Наши люди в Эвмесвиле хотят хорошо жить не когда-нибудь в будущем, а сегодня, сейчас. Они хотят не слышать звон монет, а иметь их в кошельке. Предпочитают синицу в руках, а не журавля в небе. Ну а мы можем дать им еще и курицу в кастрюлю».
Как мой родитель опирается на идеи, так Домо опирается на факты. В этом разница между либерализмом и либеральностью. И тут я как историк должен заметить: все хорошо в свое время. Методика Домо вытекает из нашего поистине феллахского состояния. Великие идеи, которым были принесены в жертву миллионы людей, в наши дни вконец истерлись. Различия почти исчезли; обрезанные и необрезанные, желтые и негры, богатые и бедные уже не так серьезно воспринимают себя в этих качествах. На улицы они выходят, либо когда им остро не хватает денег, либо на карнавал. В общем и целом, здесь каждый может делать все, что заблагорассудится.
Кондор, хотя он и тиран, любит – конечно, под надежной охраной – ходить на рынок и в порт, где на равных общается с людьми и обращается к ним, например, вот так:
«Карим, старина, все еще на ногах? Надеюсь, пороху-то хватает?»
Эти слова обращены к раису, начальнику ловцов тунца, седобородому старику под восемьдесят. Тот отвечает:
«Кондор, ты имеешь в виду дни или ночи?»
* * *
«Синее яйцо» – это кабак, где собираются бродяги да преступники. Домо следит за событиями на дне общества глазами липиков, людей весьма рискованной профессии. Не проходит месяца, чтобы ночная стража не находила в окрестностях труп зарезанного.
Понятно, что упоминание Тоферном места, куда приличные люди не ходят, вызвало в зале веселое оживление. А что он там услышал, было и правда связано с недавним убийством. Преступники обсуждали это дело между собой. Поскольку же работают они преимущественно ночью, то по утрам, развлеченья ради, посещают судебные заседания, что для них занимательно и в то же время поучительно.

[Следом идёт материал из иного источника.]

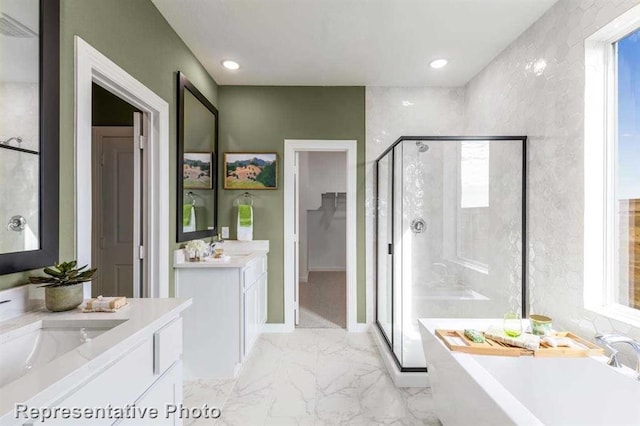 bathroom featuring vanity and plus walk in shower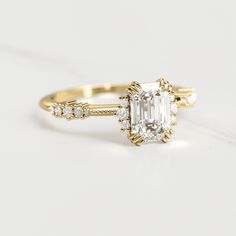 an engagement ring with a diamond in the center and two side stones on each side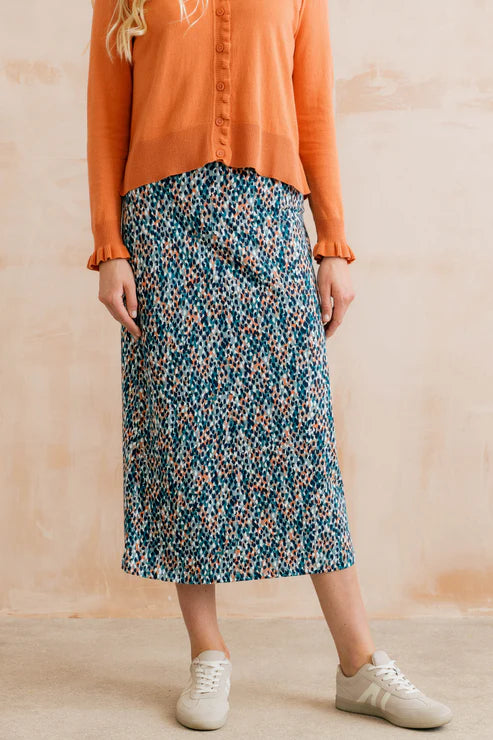 Person wearing an orange shirt and a patterned blue skirt against a beige background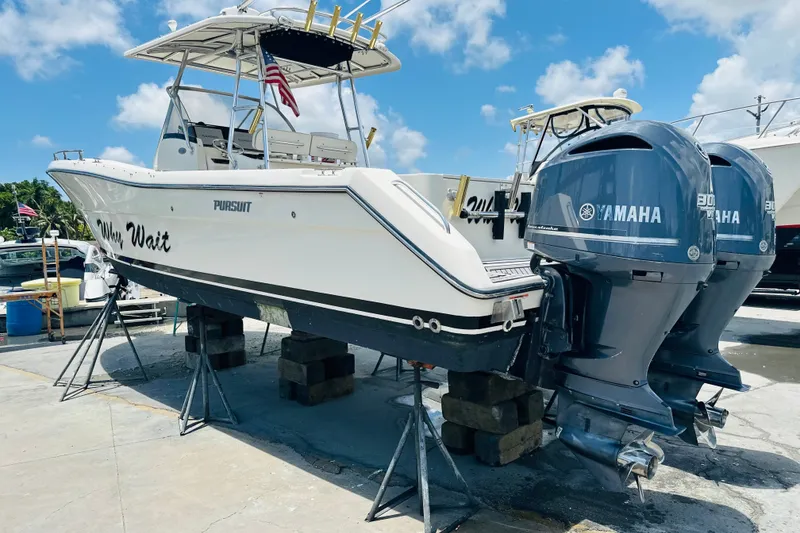 Slide: The Image of 2004 Pursuit 3070 Center Console boat with twin Yamaha engines on dry dock. - 1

В «Синем яйце» они обсуждали повисшее в воздухе дело об убийстве. Жертвой был торговец опиумом; хотя эту торговлю терпят, но не обходится и без риска. Терпимость вообще считается у нас руководящим принципом; есть множество вещей, которые не разрешены, но и не особенно преследуются; они находятся в периферийной серой зоне легальности, что вполне соответствует сонному настроению нашего города.
В этом промежуточном царстве размыты и границы обязательств, что обеспечивает касбе, как и городскому дну, хорошие барыши. Случаются и неприятности – меньше от мака, больше от конопли, ведь первый оглушает, а вторая возбуждает. Обкуренный безумец носится по улицам с ножом; одна студентка сгорает в постели. Когда после таких случаев Домо вызывает к себе одного из крупных наркоторговцев, чтобы его усовестить, он обходится без долгих уговоров – собеседник тотчас готов к благотворительности; такие пожертвования не оставляют следов.
Но и преступный мир берет свою мзду. Шантажом вымогают деньги у торговцев и трактирщиков. А те регулярно платят, относя издержки за счет накладных расходов, такие выплаты тоже не оставляют следов.
В обсуждаемом деле наркоторговец решил попробовать свои силы на уровне, до которого не дорос. И дальнейшее не отличалось оригинальностью: после писем с угрозами ему подложили под дверь гранату, потом изрешетили пулями телохранителя и, наконец, пустили по его следу убийц. Настало время срочно покинуть Эвмесвиль; он еще успел попасть на корабль, уже стоявший под парусами в порту. Вероятно, хотел бежать к Желтому Хану, на защиту и покровительство которого очень рассчитывал.
С убийцами, однако, шутки плохи; когда они принимаются за дело и берут след, их прозаичное дело превращается в охотничью страсть. Как только наркоторговец ступил на трап, с грузового крана сорвался тяжеленный тюк, пролетел на волосок от его головы и пробил трап. Торговец невредимым добрался до своей каюты – camera di lusso[22 - Каюта люкс (ит.).] с ванной и салоном.